-- DATA FOR ANALYSIS follows --

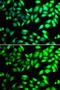 Protein Disulfide Isomerase Family A Member 6 antibody, GTX33397, GeneTex, Immunocytochemistry image 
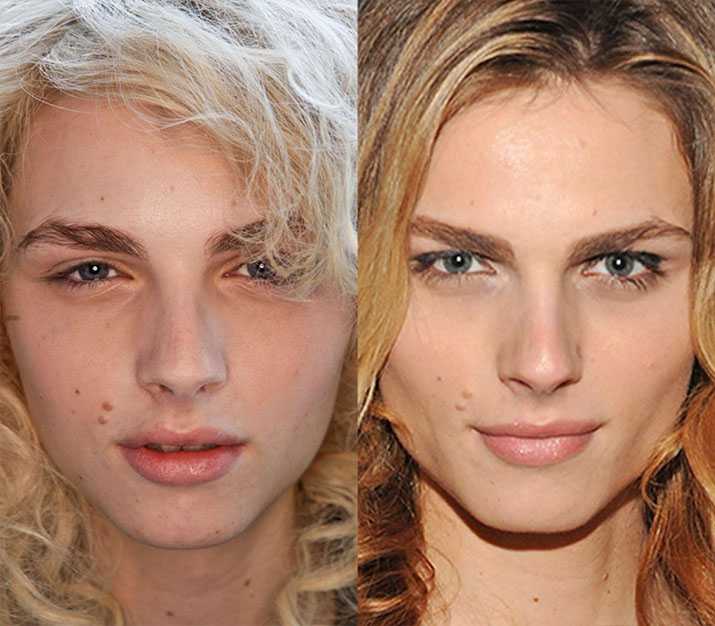 Операция по смене пола: фото до и после сменивших пол знаменитостей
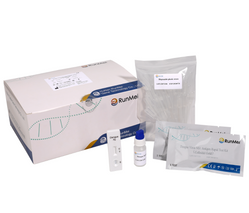Dengue Virus NS1 Antígeno Kit de prueba rápida (oro coloidal)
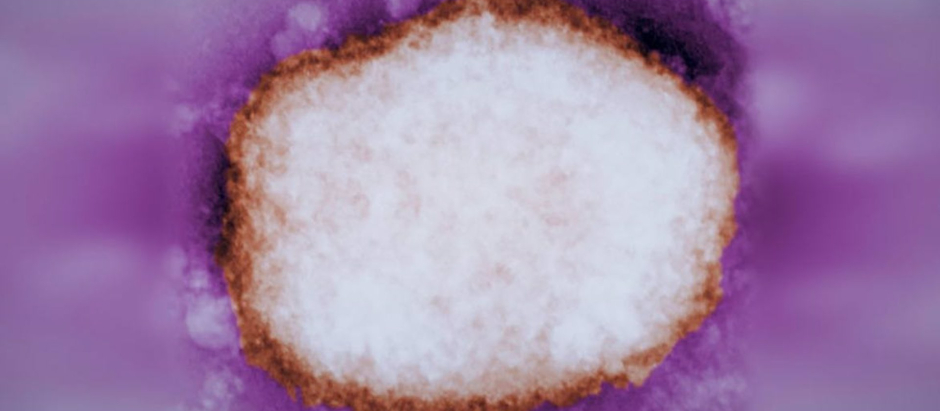 Partícula amplificada del virus de la viruela del mono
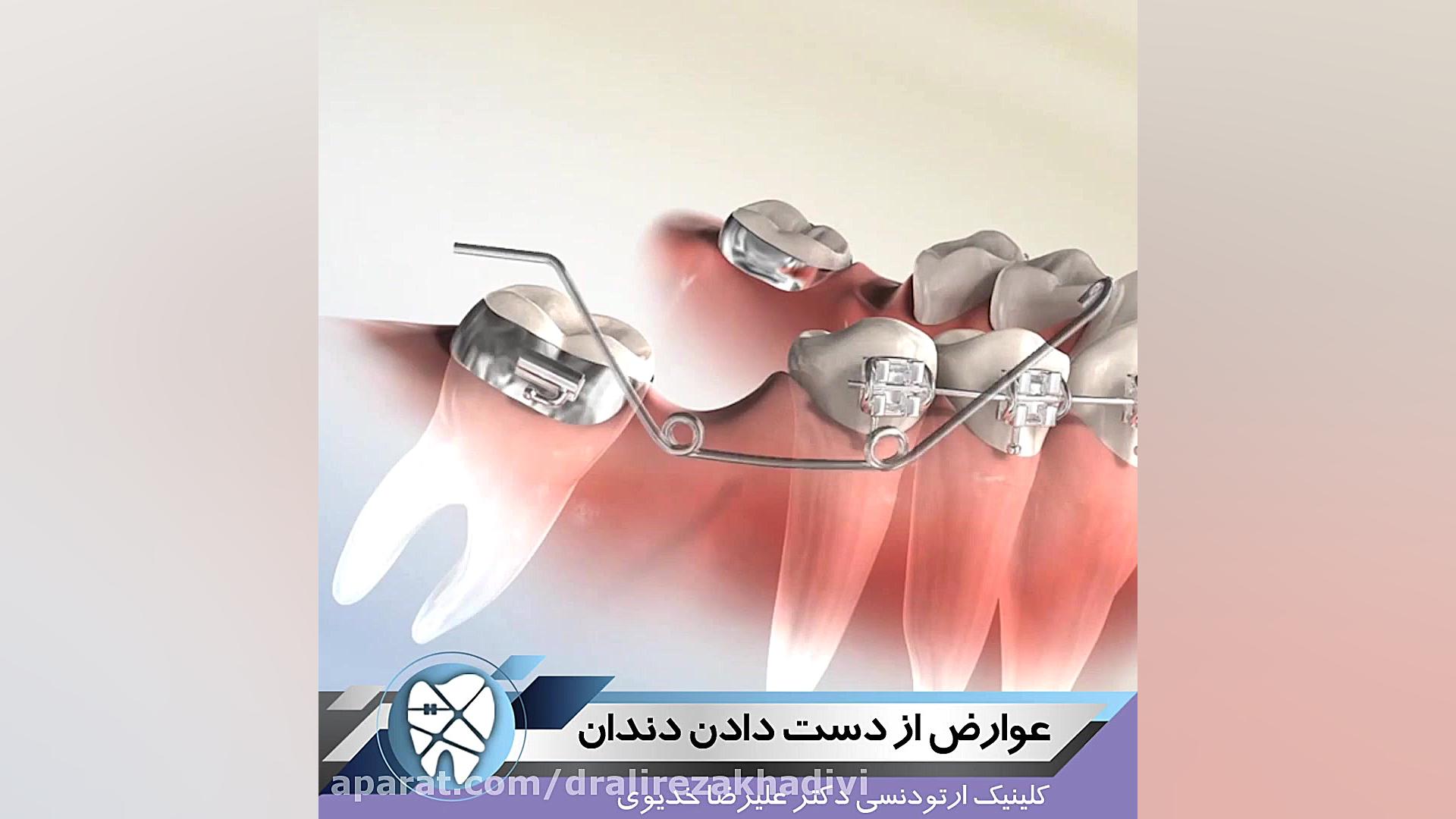 عوارض از دست دادن دندان دکتر علیرضا خدیوی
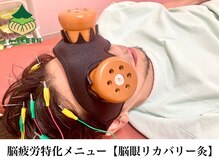 もみの木鍼灸整骨院 恵比寿/【既存様限定メニュー】脳洗浄鍼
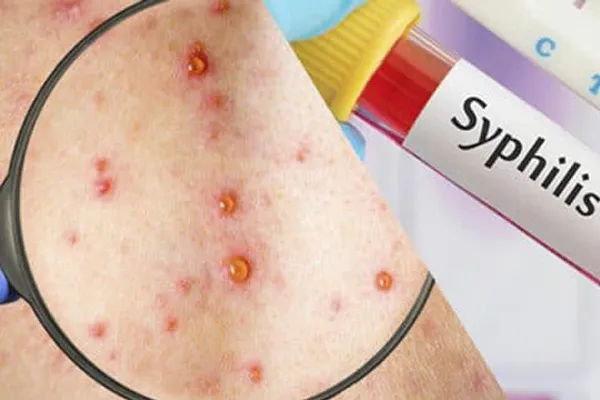 Sifilis1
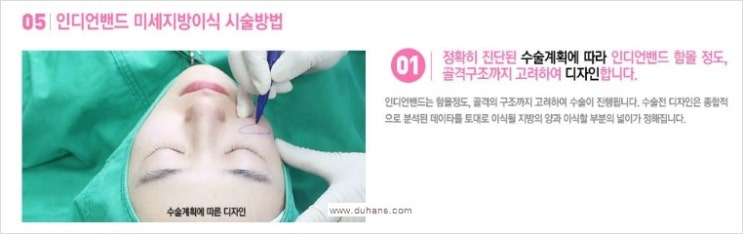 [두한성형외과 경쟁력 눈밑성형] - [눈밑 다크써클 치료 - 다크써클 + 인디언밴드 콤비 프로그램] 관련 이미지 2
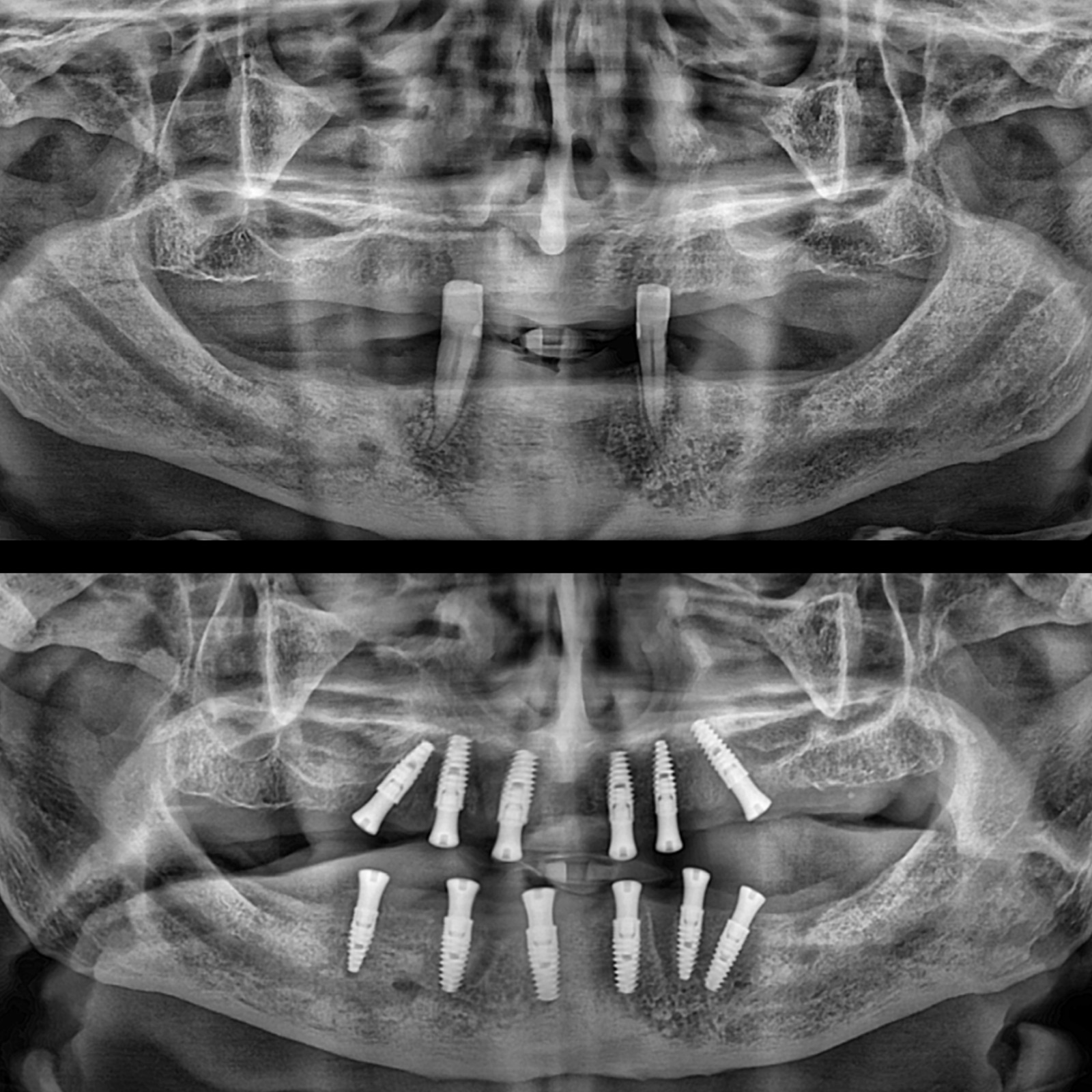 Ağız Diş ve Çene Cerrahisi (Çekimler , İmplant Uygulamarı)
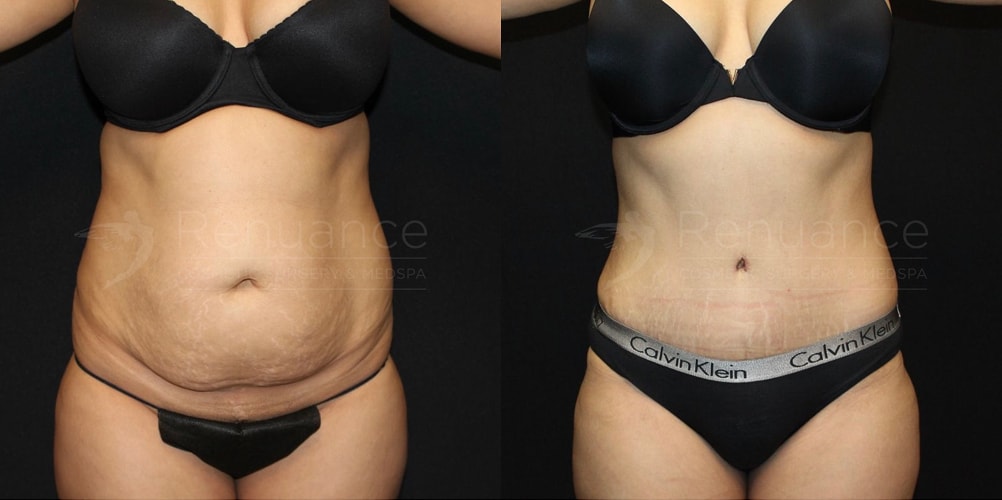 before and after tummy tuck patient | Dr. Rachel Ford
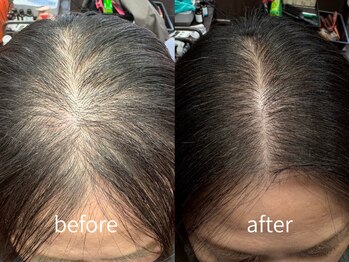 ハーティー(Hearty)の写真/髪の悩みを解決してくれるマンツーマンサロン☆男女問わず人気のヘッドスパで癒しのひと時をご提供します♪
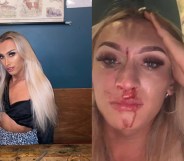 Anna Montgomery was beaten while she was enjoying drinks with her boyfriend in a bar. (Facebook)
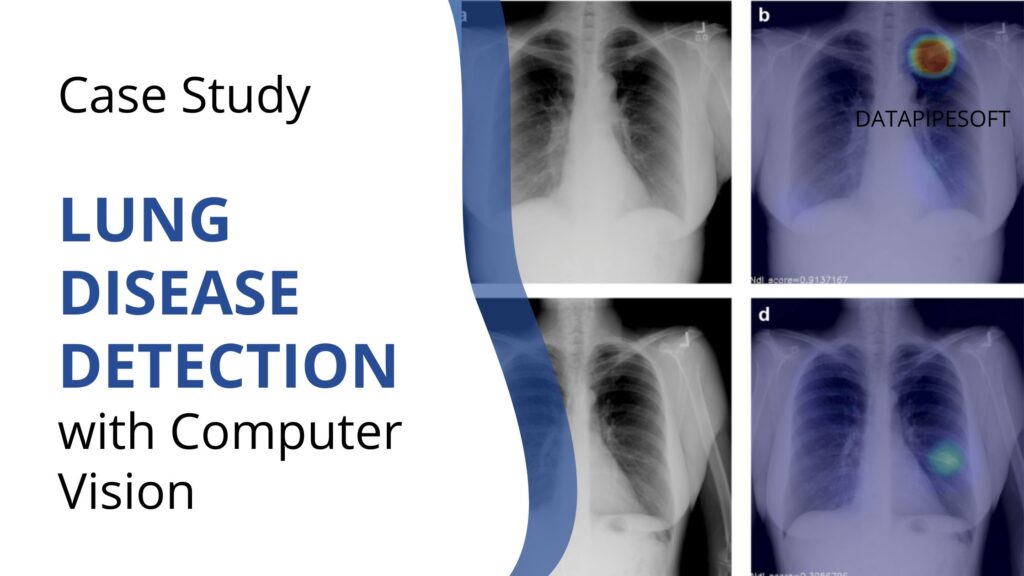 lung disorders detection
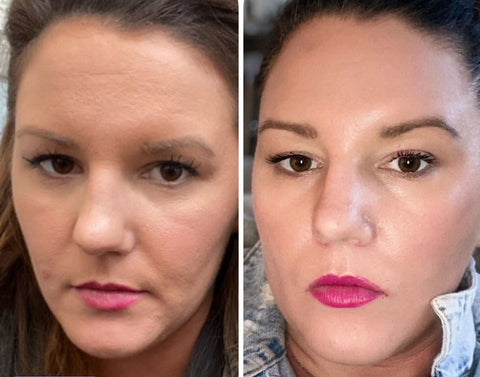 Tretinoin Before and After Photos: How Do You Know it Will Work for Yo –  Dear Brightly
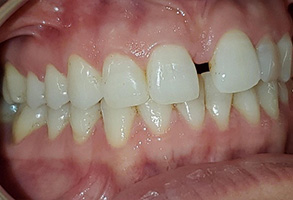 Hy Line Dental | Cosmetic Dentistry, Oral Exams and All-on-6 reg 
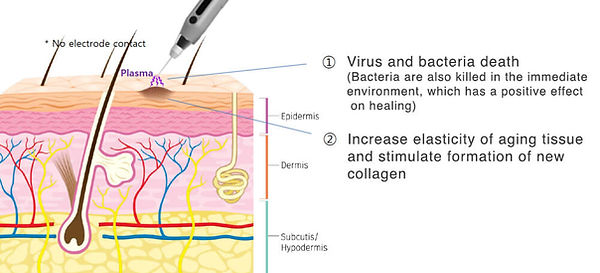 plaxel-plasma-pen-effects-on-skin.jpg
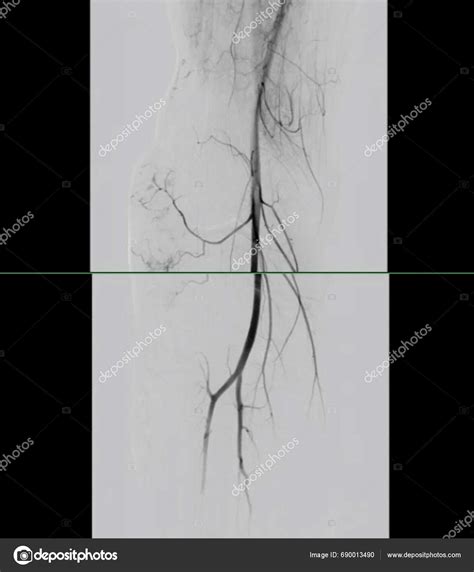 Femoral Angiogram Medical Procedure Used Visualize Blood Vessels Groin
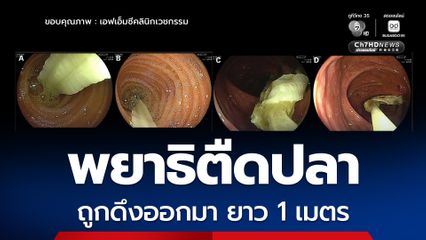 กินปลาดิบ ส่องกล้องลำไส้ใหญ่เจอพยาธิตืดปลา ยาว 1 เมตร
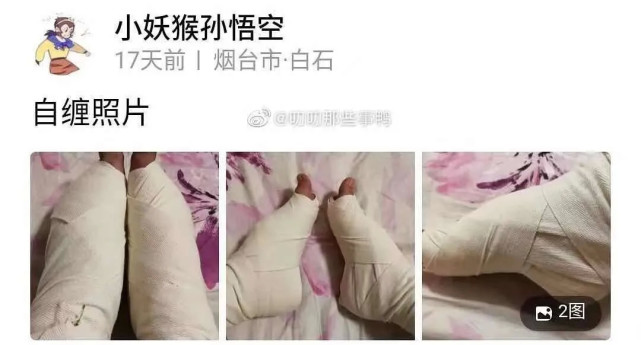 让人难以想象的是,"缠足"竟然在2021年卷土重来了.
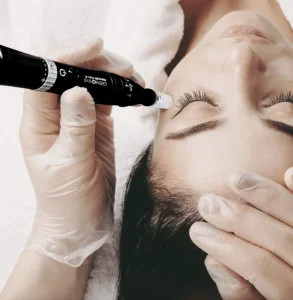 قلم میکرونیدلینگ ژنوسیس مدل Pen-K دارای ضمانت اصالت کالا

-- DATA FOR ANALYSIS concluded --

» TASK DIRECTIONS
Return every entry from the listing above exactly as it stands, leaving out any picture.

» RESPONSE AREA
 Protein Disulfide Isomerase Family A Member 6 antibody, GTX33397, GeneTex, Immunocytochemistry image 
 Операция по смене пола: фото до и после сменивших пол знаменитостей
Dengue Virus NS1 Antígeno Kit de prueba rápida (oro coloidal)
 Partícula amplificada del virus de la viruela del mono
 عوارض از دست دادن دندان دکتر علیرضا خدیوی
 もみの木鍼灸整骨院 恵比寿/【既存様限定メニュー】脳洗浄鍼
 Sifilis1
 [두한성형외과 경쟁력 눈밑성형] - [눈밑 다크써클 치료 - 다크써클 + 인디언밴드 콤비 프로그램] 관련 이미지 2
 Ağız Diş ve Çene Cerrahisi (Çekimler , İmplant Uygulamarı)
 before and after tummy tuck patient | Dr. Rachel Ford
 ハーティー(Hearty)の写真/髪の悩みを解決してくれるマンツーマンサロン☆男女問わず人気のヘッドスパで癒しのひと時をご提供します♪
 Anna Montgomery was beaten while she was enjoying drinks with her boyfriend in a bar. (Facebook)
 lung disorders detection
 Tretinoin Before and After Photos: How Do You Know it Will Work for Yo –  Dear Brightly
 Hy Line Dental | Cosmetic Dentistry, Oral Exams and All-on-6 reg 
 plaxel-plasma-pen-effects-on-skin.jpg
 Femoral Angiogram Medical Procedure Used Visualize Blood Vessels Groin
 กินปลาดิบ ส่องกล้องลำไส้ใหญ่เจอพยาธิตืดปลา ยาว 1 เมตร
 让人难以想象的是,"缠足"竟然在2021年卷土重来了.
 قلم میکرونیدلینگ ژنوسیس مدل Pen-K دارای ضمانت اصالت کالا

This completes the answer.